-- Listed records follows --

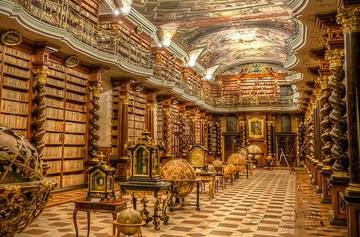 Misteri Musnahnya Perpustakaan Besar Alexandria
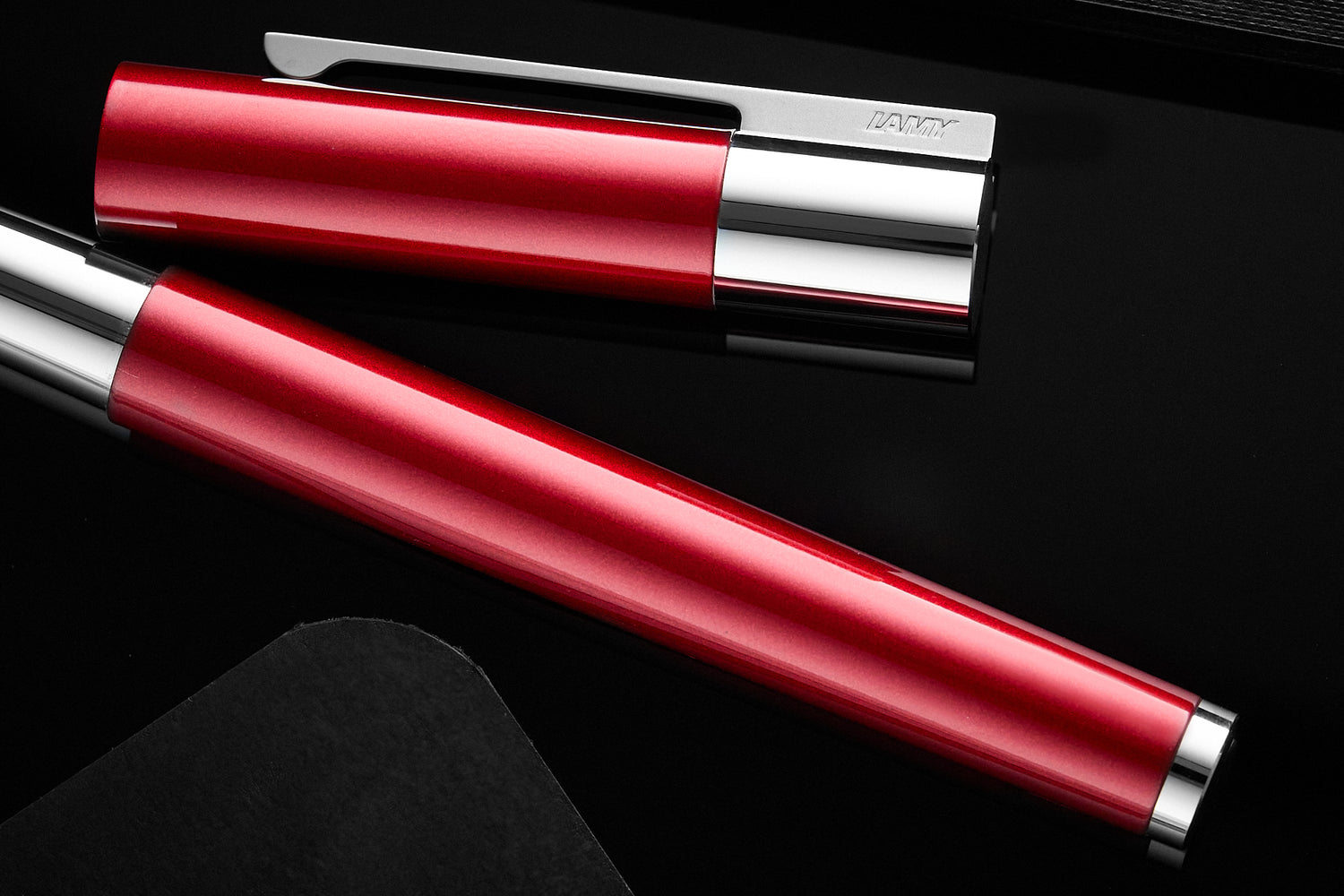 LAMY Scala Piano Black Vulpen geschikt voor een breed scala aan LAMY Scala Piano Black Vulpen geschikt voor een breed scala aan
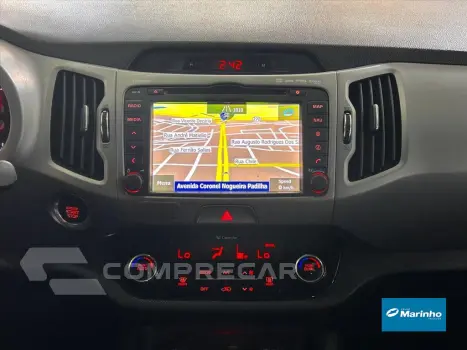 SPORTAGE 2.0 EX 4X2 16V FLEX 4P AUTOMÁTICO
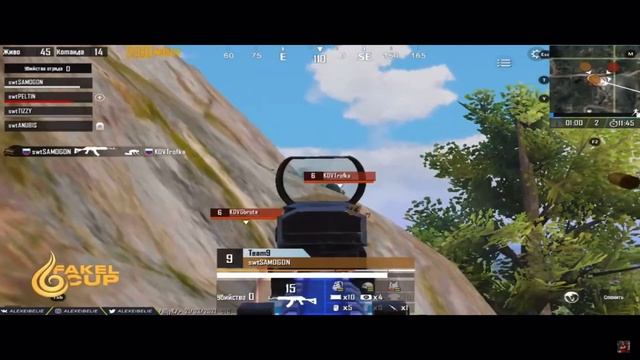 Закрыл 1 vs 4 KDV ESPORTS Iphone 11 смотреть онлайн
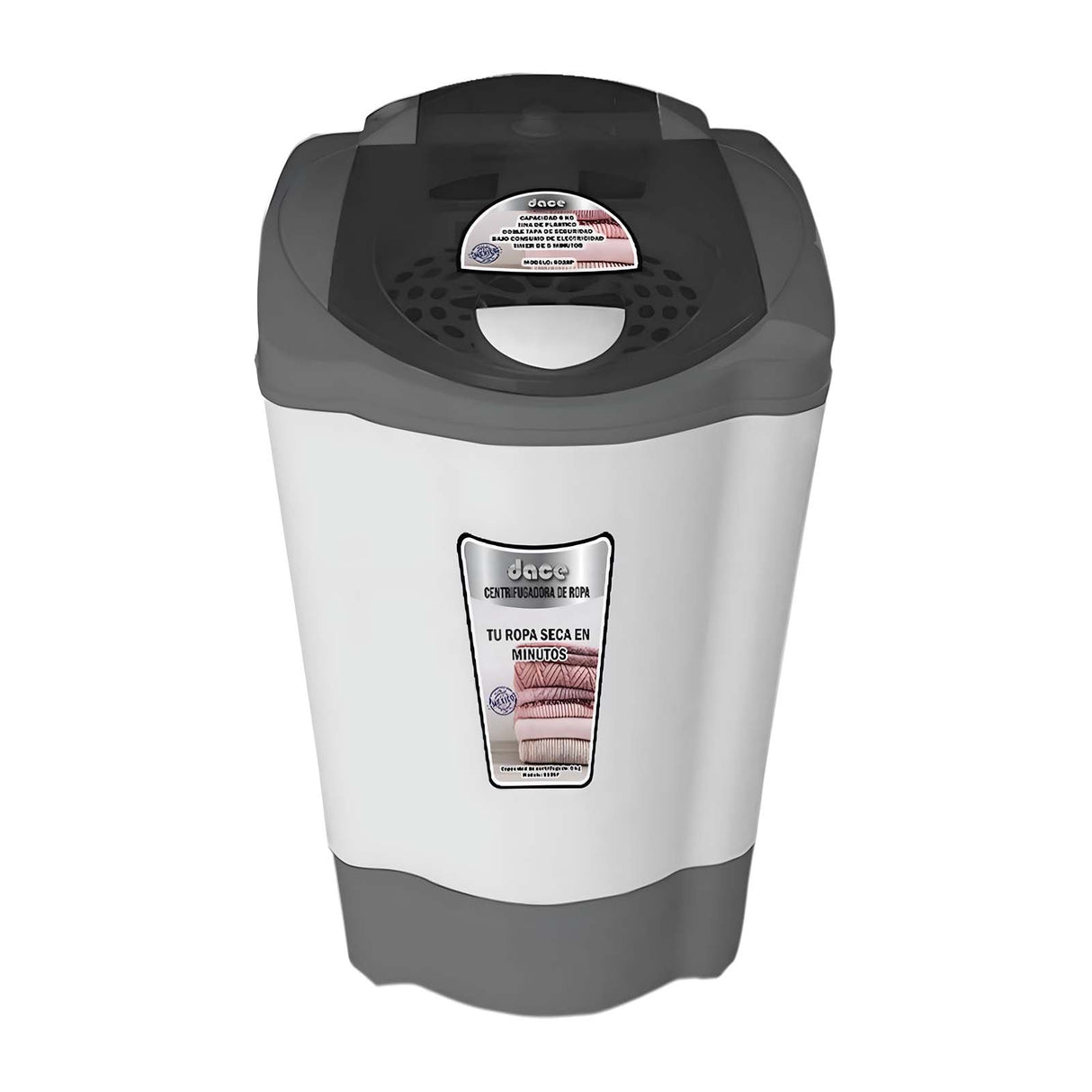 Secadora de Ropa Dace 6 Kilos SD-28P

-- Listed records concluded --

Task directions ▸ Your answer must be an exact copy of the records, free of images.

Written response ▸
 Misteri Musnahnya Perpustakaan Besar Alexandria
 LAMY Scala Piano Black Vulpen geschikt voor een breed scala aan LAMY Scala Piano Black Vulpen geschikt voor een breed scala aan
 SPORTAGE 2.0 EX 4X2 16V FLEX 4P AUTOMÁTICO
 Закрыл 1 vs 4 KDV ESPORTS Iphone 11 смотреть онлайн
 Secadora de Ropa Dace 6 Kilos SD-28P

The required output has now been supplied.